In one implementation, for any one target sample in the artificial sample set or the machine sample set, the target sample includes feedback parameters of the learning object after the target action is performed, and the feedback parameters of the learning object after the target action is performed include reward parameters obtained by performing the target action and/or environmental parameters obtained in the learning object according to the target action.
The embodiment of the present application further provides an apparatus for training a neural network model, which is described below with reference to the accompanying drawings. Referring to fig. 8, an embodiment of the present application provides a device 800 for neural network model training, where the device 800 may be a server, may have a relatively large difference due to different configurations or performances, and may include one or more Central Processing Units (CPUs) 822 (e.g., one or more processors) and a memory 832, and one or more storage media 830 (e.g., one or more mass storage devices) storing an application 842 or data 844. Memory 832 and storage medium 830 may be, among other things, transient or persistent storage. The program stored in the storage medium 830 may include one or more modules (not shown), each of which may include a series of instruction operations for the server. Still further, a central processor 822 may be provided in communication with the storage medium 830 for executing a series of instruction operations in the storage medium 830 on the apparatus 800 for neural network model training.
The apparatus 800 for neural network model training may also include one or more power supplies 826, one or more wired or wireless network interfaces 850, one or more input-output interfaces 858, and/or one or more operating systems 841, such as Windows Server, mac OS XTM, unixTM, linuxTM, freeBSDTM, etc.
The steps performed by the server in the above embodiments may be based on the server structure shown in fig. 8.
The CPU 822 is configured to execute the following steps:
acquiring an artificial sample set generated by a learning object according to user operation;
acquiring a machine sample set obtained by autonomous learning of a neural network model for the learning object in the learning object;
training the neural network model according to the artificial sample set and the machine sample set.
Referring to fig. 9, an embodiment of the present application provides an apparatus 900 for neural network model training, where the apparatus 900 may also be a terminal apparatus, and the terminal apparatus may be any terminal apparatus including a mobile phone, a tablet computer, a Personal Digital Assistant (PDA), a Point of Sales (POS), a vehicle-mounted computer, and the terminal apparatus is a mobile phone for example:
fig. 9 is a block diagram illustrating a partial structure of a mobile phone related to a terminal device according to an embodiment of the present disclosure. Referring to fig. 9, the handset includes: a Radio Frequency (RF) circuit 910, a memory 920, an input unit 930, a display unit 940, a sensor 950, an audio circuit 960, a wireless fidelity (WiFi) module 970, a processor 980, and a power supply 990. Those skilled in the art will appreciate that the handset configuration shown in fig. 9 is not intended to be limiting and may include more or fewer components than those shown, or some components may be combined, or a different arrangement of components.

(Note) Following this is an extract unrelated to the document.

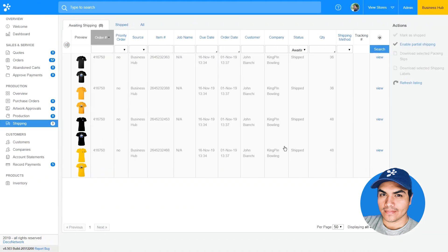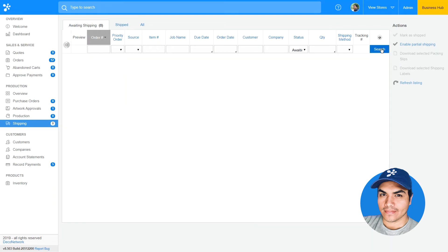Once complete, that notification will be sent back to my Business Hub and that order will show up as completed and shipped. Overall, this enhancement will reduce the amount of steps you need to take when completing your orders and give you more flexibility when choosing a shipping carrier to purchase postage from.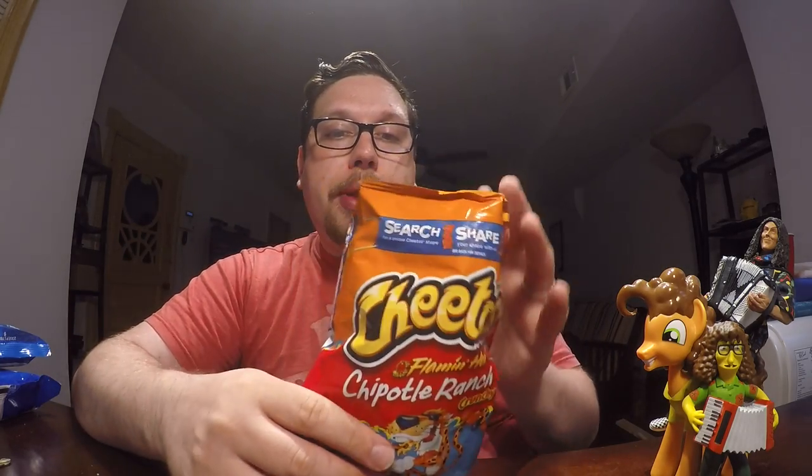So as you can see, I like them. Do they live up to their name? Yeah, they taste cheesy like Cheetos. You definitely get that ranch from it. I don't think that they should call it Flamin' Hot though, because I've had Flamin' Hot Cheetos a few times and they're much hotter than this. There's definitely some spice to it, but they could just get rid of the Flamin' Hot part - they could just be Cheetos Chipotle Ranch Crunchy. You don't have to say Flamin' Hot.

The following specifically describes each component of the mobile phone with reference to fig. 9:
the RF circuit 910 may be used for receiving and transmitting signals during a message transmission or call, and in particular, for receiving downlink information of a base station and then processing the received downlink information to the processor 980; in addition, data for designing uplink is transmitted to the base station. In general, RF circuit 910 includes, but is not limited to, an antenna, at least one Amplifier, a transceiver, a coupler, a Low Noise Amplifier (LNA), a duplexer, and the like. In addition, RF circuit 910 may also communicate with networks and other devices via wireless communication. The wireless communication may use any communication standard or protocol, including but not limited to Global System for Mobile communication (GSM), general Packet Radio Service (GPRS), code Division Multiple Access (CDMA), wideband Code Division Multiple Access (WCDMA), long Term Evolution (LTE), email, short Message Service (SMS), and the like.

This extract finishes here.